Museale Sammlungsstrategien zur Gegenwartskultur
Welche Dinge repräsentieren unsere Gegenwart?

Museum und Gegenwart(-skultur) wird vielfach als ein Gegensatzpaar aufgefasst. Doch bereits der aktuelle Augenblick ist im nächsten Moment schon Geschichte. Manche Gegenstände wie zum Beispiel die Jutetaschen mit der Aufschrift „Jute statt Plastik“, die in ihrer Gebrauchszeit alltäglich und massenhaft vorhanden waren, erscheinen kurze Zeit danach als charakteristischer Ausdruck ihrer Zeit, sind aber nicht mehr im Handel zu bekommen. Deshalb ist einerseits zeitnahes Sammeln angesagt. Andererseits quellen, seit mit dem erweiterten Kulturbegriff die gesamte Alltagskultur sammlungswürdig geworden ist, viele Museumsdepots über. Um eine Beliebigkeit der Alltagkultursammlungen zu vermeiden sind deshalb heute gezielte Sammlungsstrategien gefordert.
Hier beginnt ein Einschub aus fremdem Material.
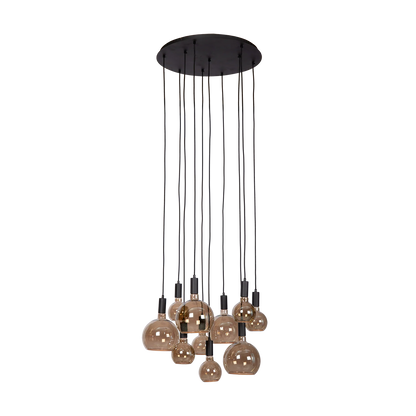 Hanglamp Sapa 10 - incl. Floating Globes Atmooz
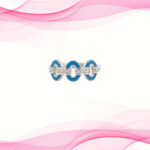 SILVER MINA RING 92.5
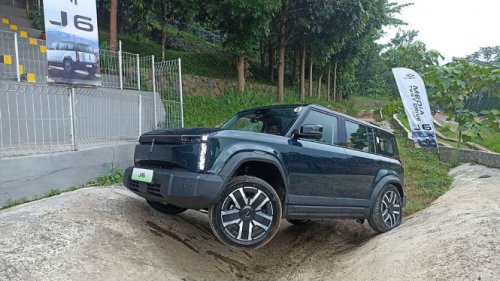 Chery Tetap Bertekad Bikin Pabrik Mandiri di Indonesia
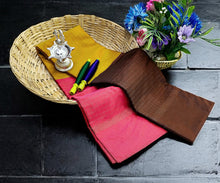 Load image into Gallery viewer, Light Weight Soft Silk Saree
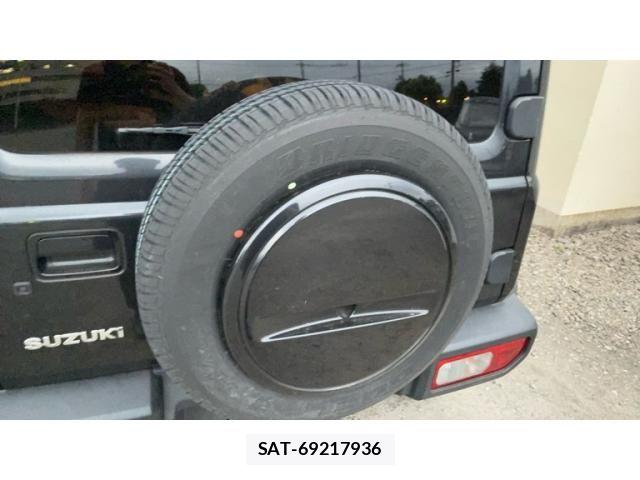 Suzuki JIMNY SIERRA 2020-07 8413048-21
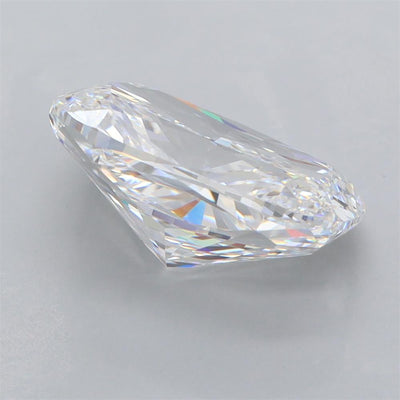 3.72 Carat Elongated Cushion Lab Diamond :: 360 spin frame 06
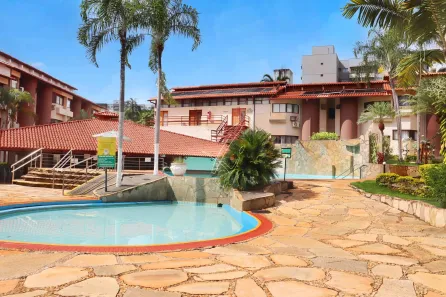Apartamento com 1 Quarto à venda, 45m² no Esplanada do Rio Quente, Rio Quente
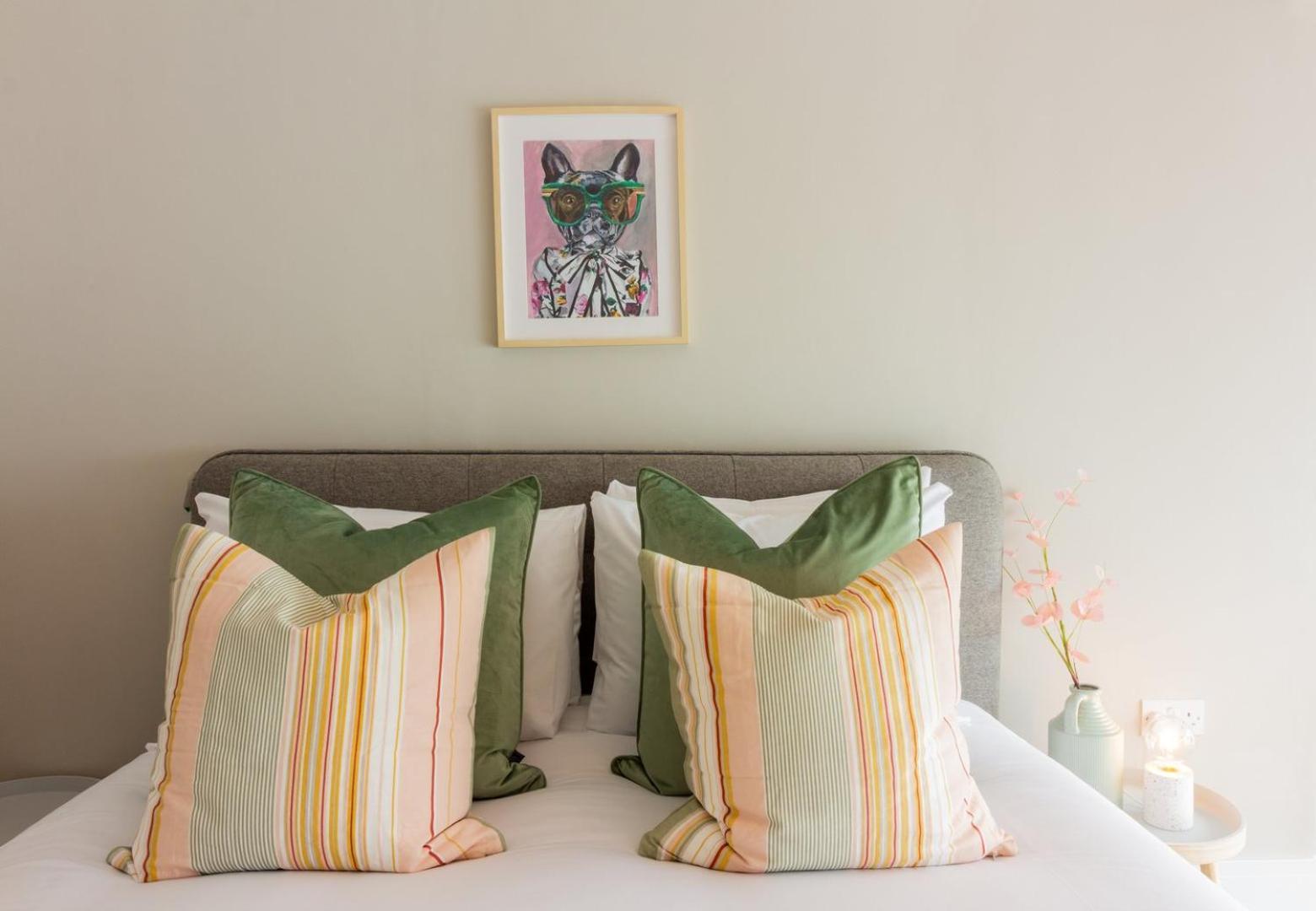 Guestready - Encantando O Apartamento 2Br No Newmarket Hall Dublin Ngoại thất bức ảnh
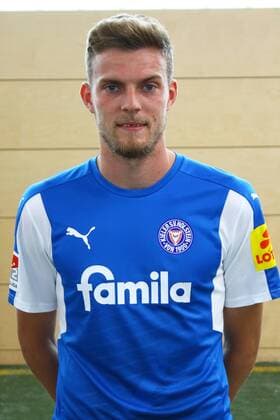 Fußball, GER, 2.BL, Porträttermin 2017 2018, Holstein Kiel, Marvin Ducksch Kiel Schleswig-Holstein Deutschland Citti Fussball Park Copyright: xAgentur54Gradx xPatrickxNawex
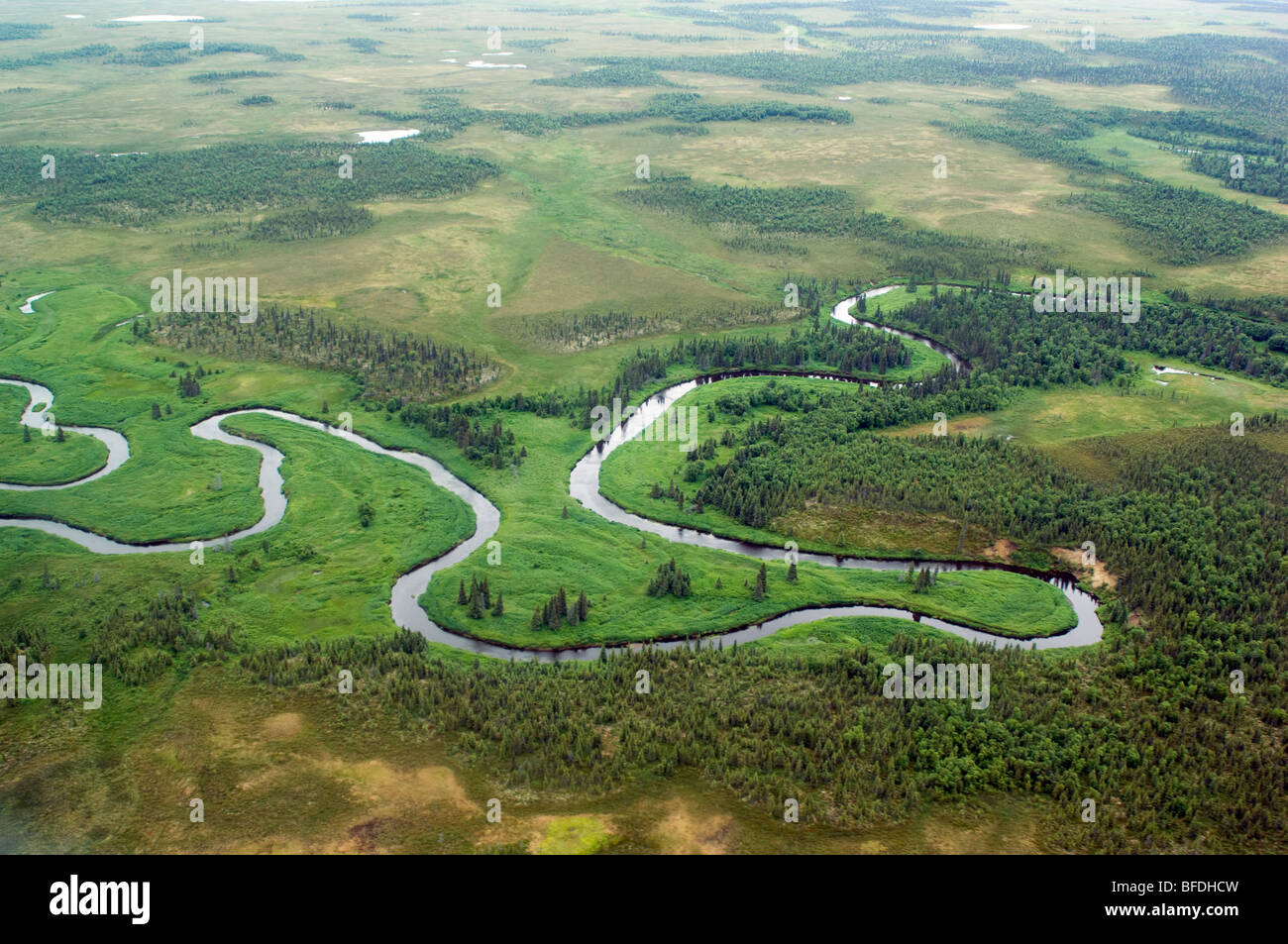 drainage-basin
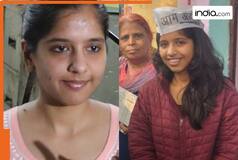 Meet Harshita Kejriwal, former Delhi CM Kejriwal’s daughter who scored over 96% in CBSE boards, cracked JEE with a rank..., studied in...,co-founded a company called...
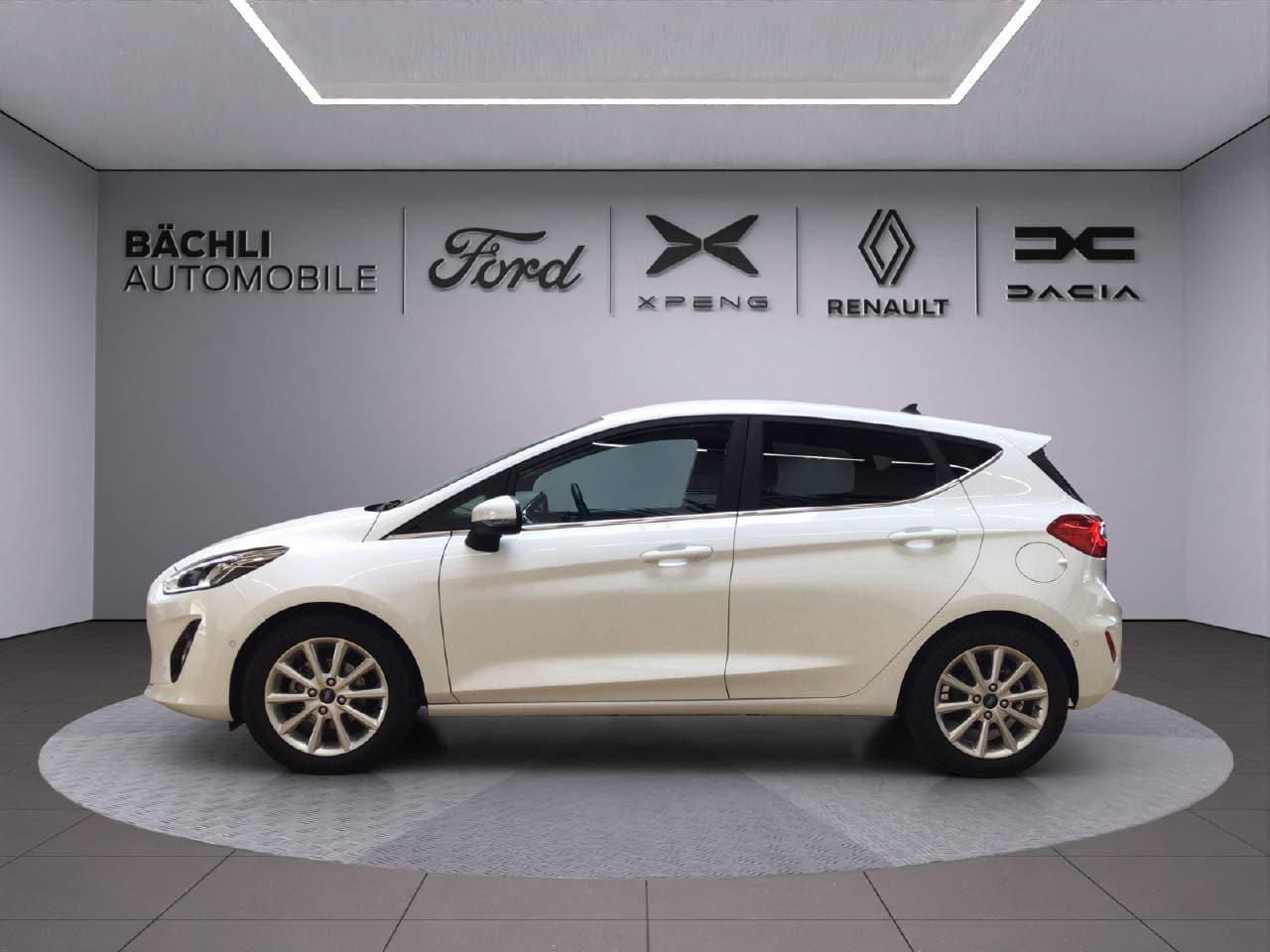FORD Fiesta 1.0 SCTi 125 PS Titanium - Bild 3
Im Seminar wollen wir nach einem kurzen Überblick zur Geschichte der Institution Museum und zu volkskundlichen Zugängen zur Sachkultur der Frage nachgehen, wie die Dinge zu Zeichen ihrer Zeit werden? Am Beispiel einiger Museen, die wir an drei Exkursionstagen besuchen, betrachten wir deren Sammlungs- und Ausstellungsstrategien. Schließlich besteht für jeden Seminarteilnehmer die Gelegenheit selbst ein Objekt auszuwählen und im Seminarrahmen als Ausstellungsobjekt in einem virtuellen Museum der Gegenwart zu präsentieren.